### Exercise instructions
Within the listing that follows, reproduce exactly the lines starting at the line with "Rocawear Jean Vest" and ending at the line with "Q&Q Pink Girl's Wristwatch", inclusive, and only those. Pictures are dropped.
[Dataset — start]
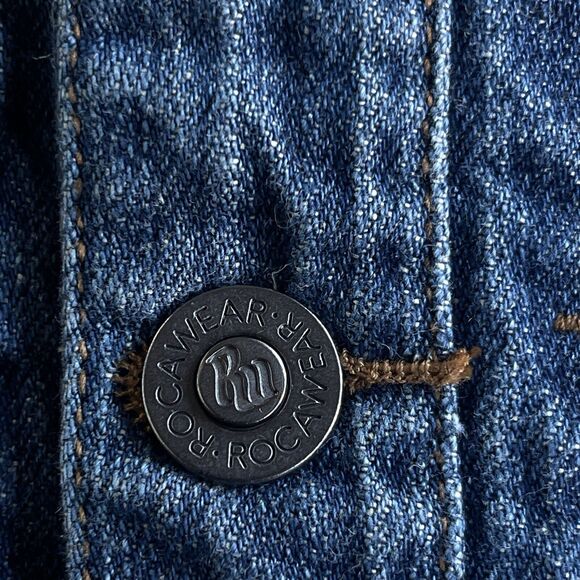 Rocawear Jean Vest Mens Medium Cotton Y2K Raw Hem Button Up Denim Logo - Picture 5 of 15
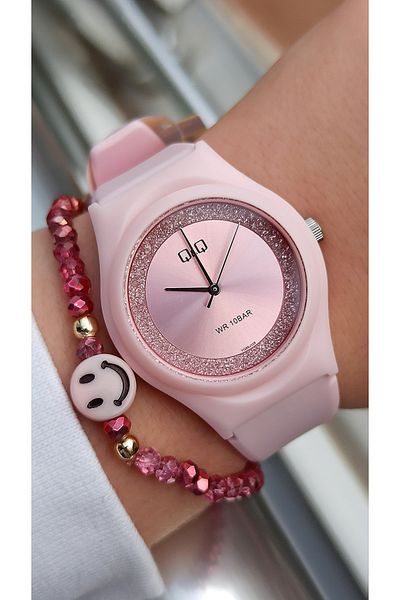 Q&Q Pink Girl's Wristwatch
[Dataset — finish]
[Dataset — start]
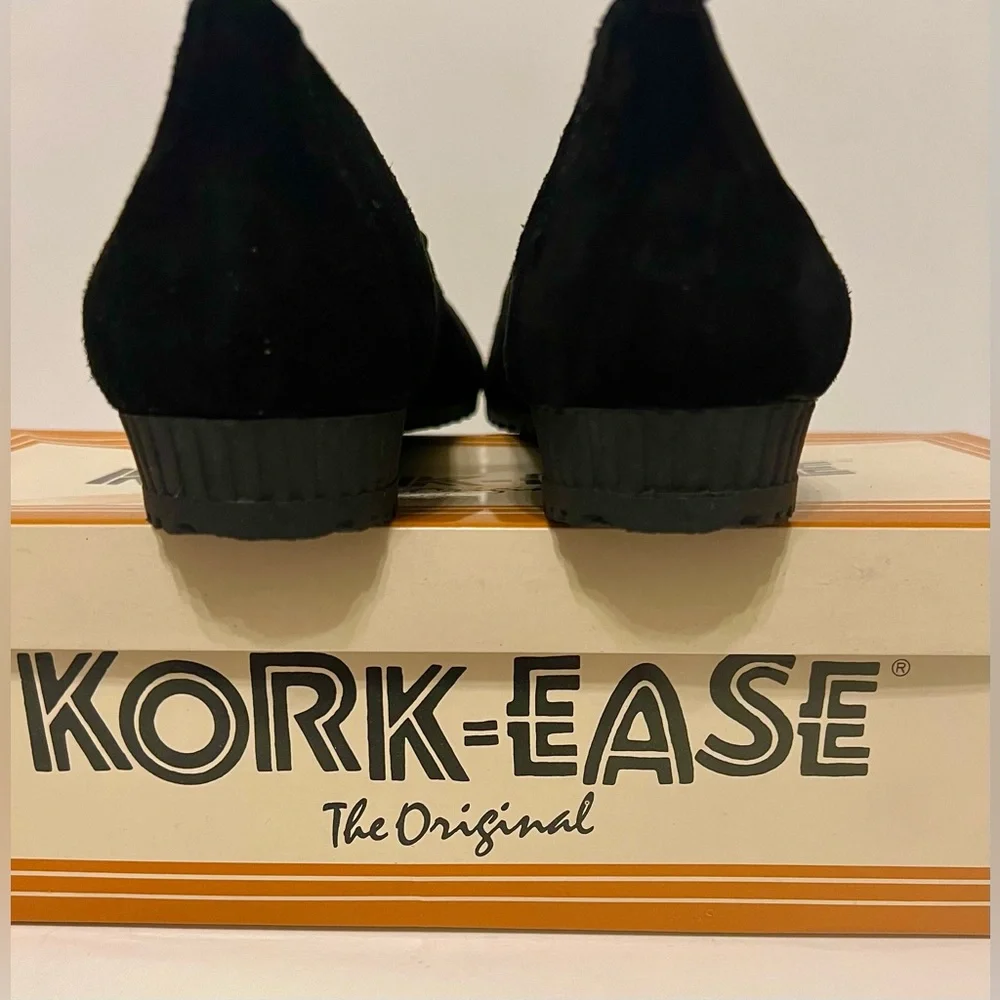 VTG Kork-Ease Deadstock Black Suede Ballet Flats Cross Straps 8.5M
[Dataset — finish]
### Written reply
 Rocawear Jean Vest Mens Medium Cotton Y2K Raw Hem Button Up Denim Logo - Picture 5 of 15
 Q&Q Pink Girl's Wristwatch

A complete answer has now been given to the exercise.